Here are a couple of paragraphs that I can extract for you:
Understanding the monetary system is essential. One reason is that it would eliminate unjustified fears of hyperinflation. That might occur if the central bank created too much money. But in recent years the growth of money held by the public has been too slow not too fast. In the absence of a money multiplier, there is no reason for this to change.
In other words, if the ignorant masses can be told about how spiffing modern fiat money systems are and how they are managed, we’d be all a lot happier.
A still stronger reason is that subcontracting the job of creating money to private profit-seeking businesses is not the only possible monetary system. It may not be even the best one. Indeed, there is a case for letting the state create money directly.
Put the state in charge of increasing/cutting the volume of money in the system. I am sure that will work like a charm. What could possibly go wrong?
Okay, enough of my sarcasm. Now, it may well be that fears of hyperinflation are unwarranted. It is entirely possible that in the West, we face a Japan-style multi-decade period of stagnation rather than hyperinflation. The structure of the economy, even demography, can have an effect on how quickly/slowly money moves around the system. Despite various central banks – particularly in the case of Japan – printing money in vast amounts, it may be that we should not be concerned about what the State is doing, and continues to do, to money.

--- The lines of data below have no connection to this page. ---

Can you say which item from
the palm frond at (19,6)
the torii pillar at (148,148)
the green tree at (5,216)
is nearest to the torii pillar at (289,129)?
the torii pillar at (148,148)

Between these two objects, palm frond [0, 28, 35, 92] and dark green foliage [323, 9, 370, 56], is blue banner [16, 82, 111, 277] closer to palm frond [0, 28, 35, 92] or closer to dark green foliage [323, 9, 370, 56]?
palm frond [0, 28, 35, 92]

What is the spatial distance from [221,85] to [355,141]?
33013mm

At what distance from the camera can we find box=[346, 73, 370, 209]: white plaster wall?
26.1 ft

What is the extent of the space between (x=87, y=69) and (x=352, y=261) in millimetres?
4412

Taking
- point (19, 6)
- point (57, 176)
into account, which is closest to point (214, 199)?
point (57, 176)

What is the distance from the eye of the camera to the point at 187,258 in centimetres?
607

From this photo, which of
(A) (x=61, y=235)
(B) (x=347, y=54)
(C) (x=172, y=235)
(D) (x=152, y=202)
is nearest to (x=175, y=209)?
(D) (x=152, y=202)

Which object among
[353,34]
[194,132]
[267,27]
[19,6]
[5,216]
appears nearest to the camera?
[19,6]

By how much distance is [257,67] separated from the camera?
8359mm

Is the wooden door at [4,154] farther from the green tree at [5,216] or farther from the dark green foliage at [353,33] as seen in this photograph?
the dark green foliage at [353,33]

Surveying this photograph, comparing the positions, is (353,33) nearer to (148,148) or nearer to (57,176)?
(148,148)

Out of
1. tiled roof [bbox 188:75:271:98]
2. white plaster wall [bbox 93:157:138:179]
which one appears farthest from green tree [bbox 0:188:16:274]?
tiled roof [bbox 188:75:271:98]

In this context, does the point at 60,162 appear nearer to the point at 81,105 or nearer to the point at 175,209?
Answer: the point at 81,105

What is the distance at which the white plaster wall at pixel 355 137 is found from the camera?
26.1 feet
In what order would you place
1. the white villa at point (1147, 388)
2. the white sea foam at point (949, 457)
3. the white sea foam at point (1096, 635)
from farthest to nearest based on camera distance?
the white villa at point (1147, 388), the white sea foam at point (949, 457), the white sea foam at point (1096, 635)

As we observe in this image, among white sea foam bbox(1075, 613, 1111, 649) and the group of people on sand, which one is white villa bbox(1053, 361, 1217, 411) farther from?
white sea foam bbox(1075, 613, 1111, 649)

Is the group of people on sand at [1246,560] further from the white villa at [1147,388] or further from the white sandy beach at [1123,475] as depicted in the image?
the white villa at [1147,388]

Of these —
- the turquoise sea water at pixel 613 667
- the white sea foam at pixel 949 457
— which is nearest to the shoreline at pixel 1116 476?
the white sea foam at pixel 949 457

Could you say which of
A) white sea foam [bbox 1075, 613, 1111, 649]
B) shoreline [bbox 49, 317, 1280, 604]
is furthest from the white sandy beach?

But it is worth noting that since 1971, when Nixon severed the gold link to the dollar, although that link had been dead in all practical terms for a while, the dollar has lost about 85 per cent of its purchasing power. And much the same can be said of the fiat money systems in force around the world. No doubt the FT thinks this is nothing to bother about. Weimar? No chance of that happening again, old boy. Too many clever people working in the central banks to let that happen again. Trust us, stop worrying and it will all come out in the end.
The irony, of course, is that people who tell us to stop fretting about the central bank buggeration of money and the need to put even more State control over all this are the same as those who say it is folly not to be scared witless by AGW, or by whatever fashionable panic happens to be out there (particularly when it is associated with calls for governments to “do something”). But if people are fearful of something caused by states with their monopoly powers, then the FT’s reaction is a typical example of what we get.